Creating a data source connector - Amazon Kendra

Creating a data source connector

You can create a data source connector for Amazon Kendra to connect to and index your documents. Amazon Kendra can connect to Microsoft SharePoint, Google Drive, and many other providers. When you create a data source connector, you give Amazon Kendra the configuration information required to connect to your source repository. Unlike adding documents directly to an index, you can periodically scan the data source to update the index.

For example, say that you have a repository of tax documents stored in an Amazon S3 bucket. From time to time, existing documents are changed and new documents are added to the repository. If you add the repository to Amazon Kendra as a data source, you can keep your index up to date by setting up periodic synchronizations between your data source and index.

You can choose to update an index manually using the console or the StartDataSourceSyncJob API. Otherwise, you set up a schedule to update an index and have it synchronize with your data source.

An index can have more than one data source. Each data source can have its own update schedule. For example, you might update the index of your working documents daily, or even hourly, while updating your archived documents manually whenever the archive changes.

If you want to alter your document metadata or attributes and content during the document ingestion process, see Amazon Kendra Custom Document Enrichment.

Note

Each document ID must be unique per index. You cannot create a data source to index your documents with their unique IDs and then use the BatchPutDocument API to index the same documents, or vice versa. You can delete a data source and then use the BatchPutDocument API to index the same documents, or vice versa. Using the BatchPutDocument and BatchDeleteDocument APIs in combination with an Amazon Kendra data source connector for the same set of documents could cause inconsistencies with your data. Instead, we recommend using the Amazon Kendra custom data source connector.

Note

Files added to the index must be in a UTF-8 encoded byte stream. For more information on documents in Amazon Kendra, see Documents.

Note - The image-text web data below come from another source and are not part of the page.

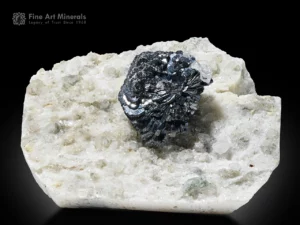 Metallic hematite crystal on white matrix.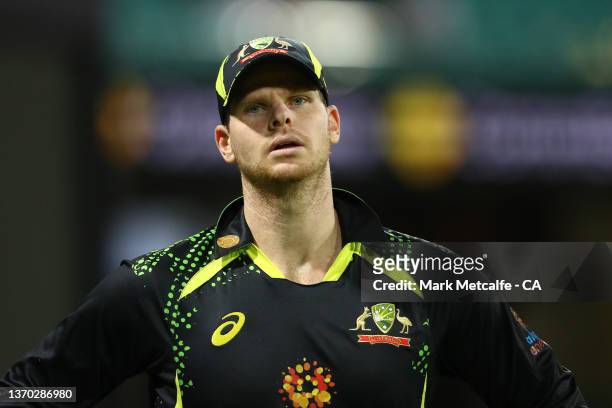 Steve Smith of Australia reacts as he leaves the field of play after hitting his head after taking a catch over the boundary rope during game two in...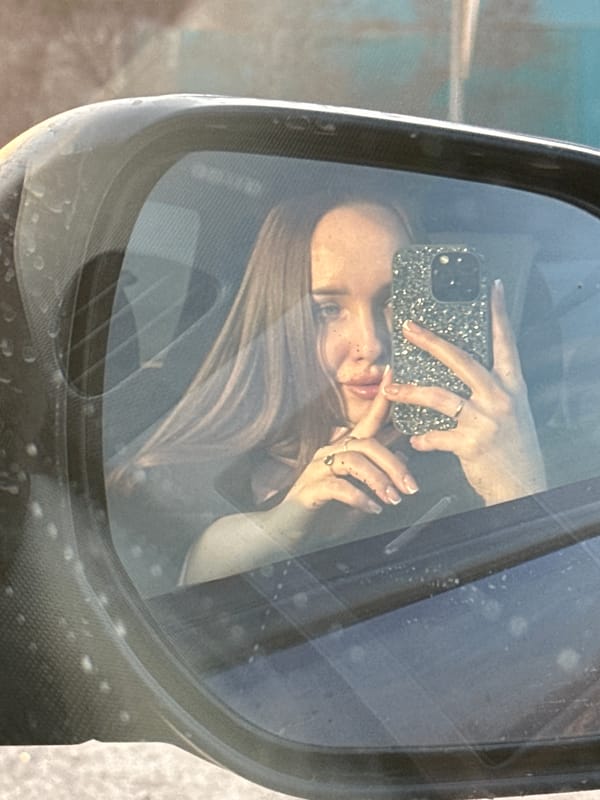Woman takes selfie in car in Pirogovo, Russia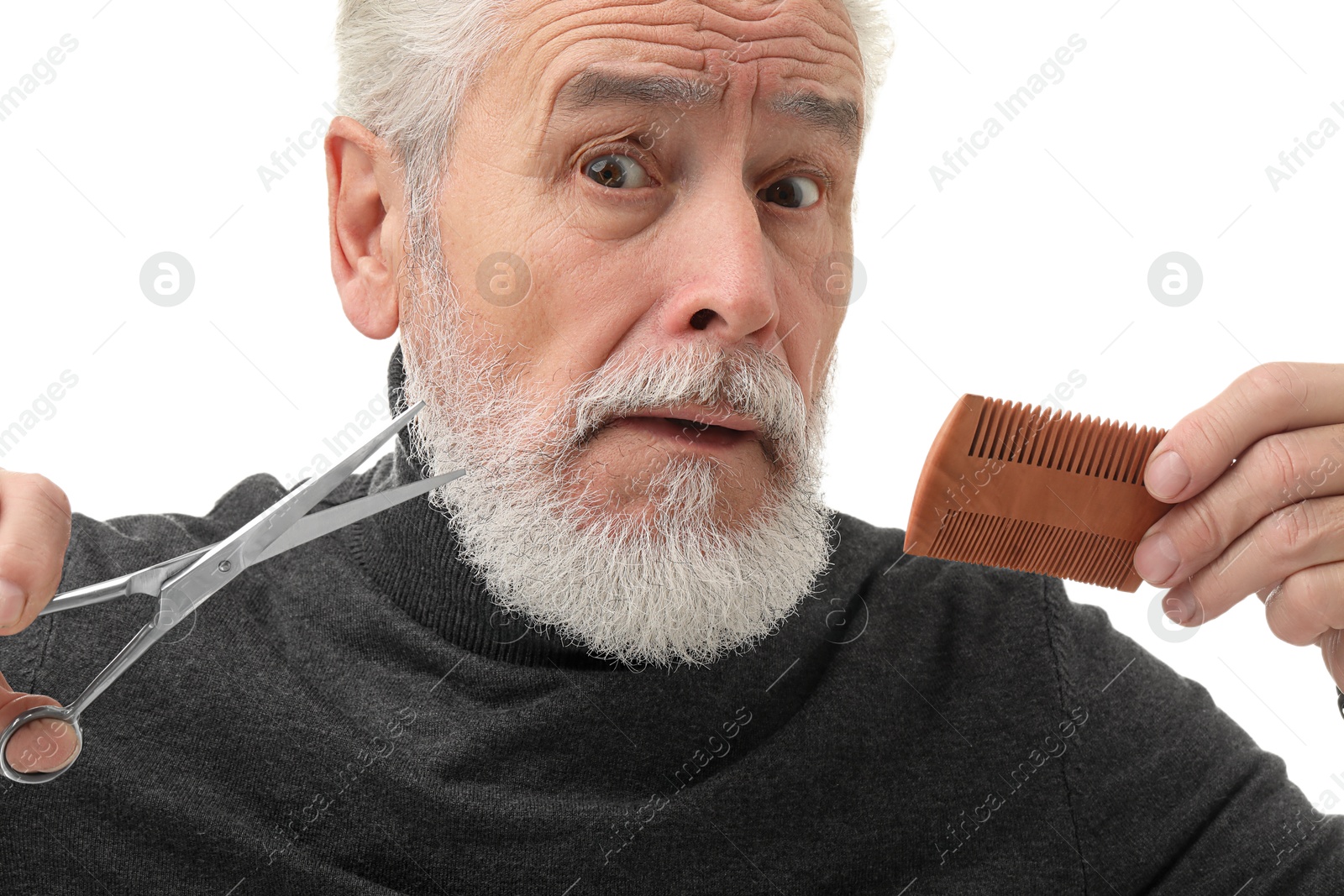 Photo of Bearded senior man holding comb and scissors on white background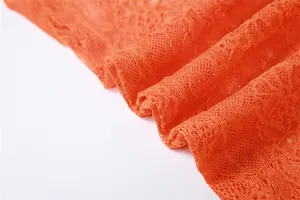 Close-up of bright orange floral lace fabric showing intricate mesh texture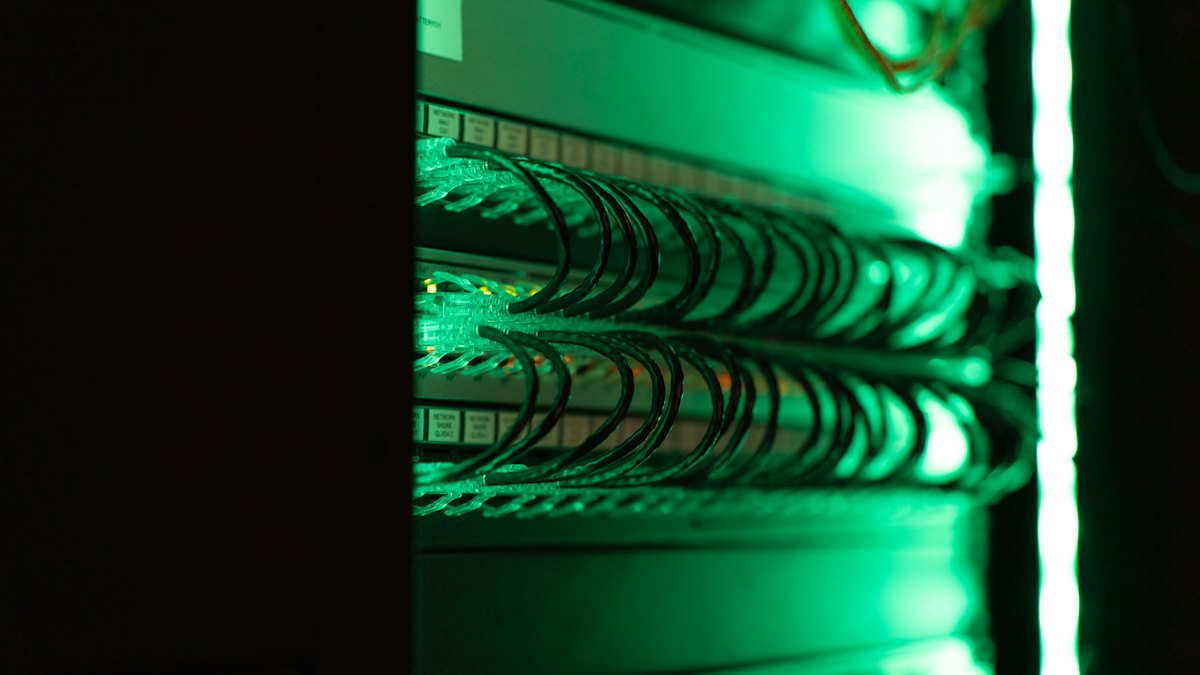 Server hardware in a rack, where the Print key in the Registry holds the RpcAuthnLevelPrivacyEnabled value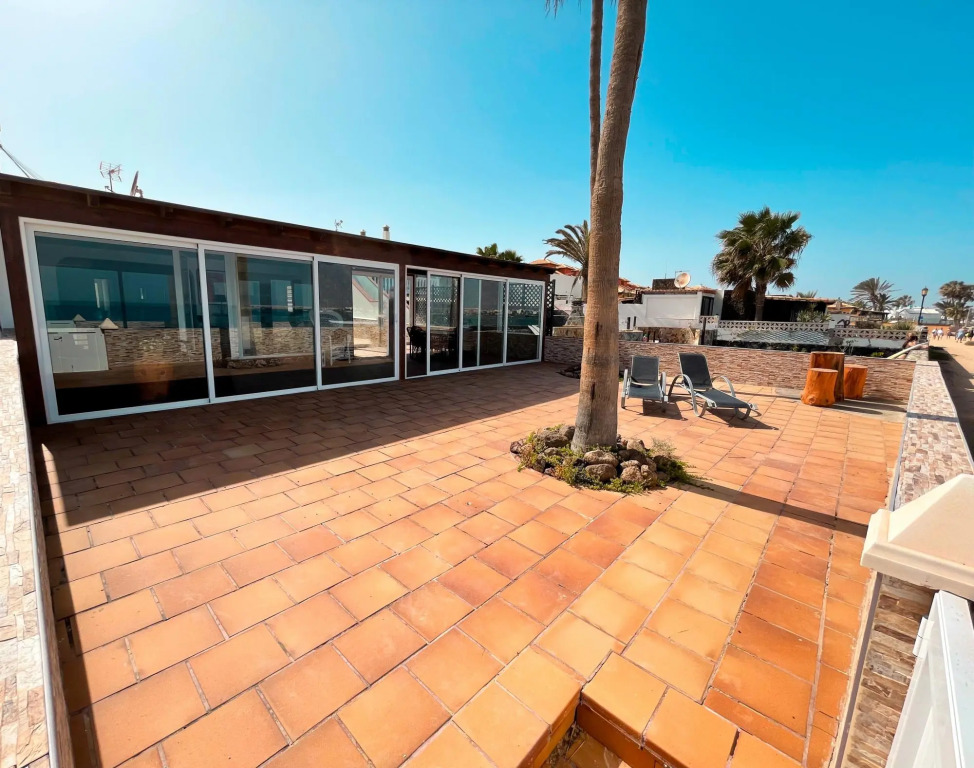 Beachfront Villa San Antonio with Private Heated Pool BBQ in the Heart of Corralejo by Amazzzing Travel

Setting an update schedule

Configure your data source to periodically update with the console or by using the Schedule parameter when you create or update a data source. The content of the parameter is a string that holds either a cron-format schedule string or an empty string to indicate that the index is updated on demand. For the format of a cron expression, see Schedule Expressions for Rules in the Amazon CloudWatch Events User Guide. Amazon Kendra supports only cron expressions. It doesn't support rate expressions.

Setting a language

You can index all your documents in a data source in a supported language. You specify the language code for all your documents in your data source when you call CreateDataSource. If a document doesn't have a language code specified in a metadata field, the document is indexed using the language code that's specified for all documents at the data source level. If you don't specify a language, Amazon Kendra indexes documents in a data source in English by default. For more information on supported languages, including their codes, see Adding documents in languages other than English.

You index all your documents in a data source in a supported language using the console. Go to Data sources and edit your data source or Add data source if you're adding a new data source. On the Specify data source details page, choose a language from the dropdown Language. You select Update or continue to enter the configuration information to connect to your data source.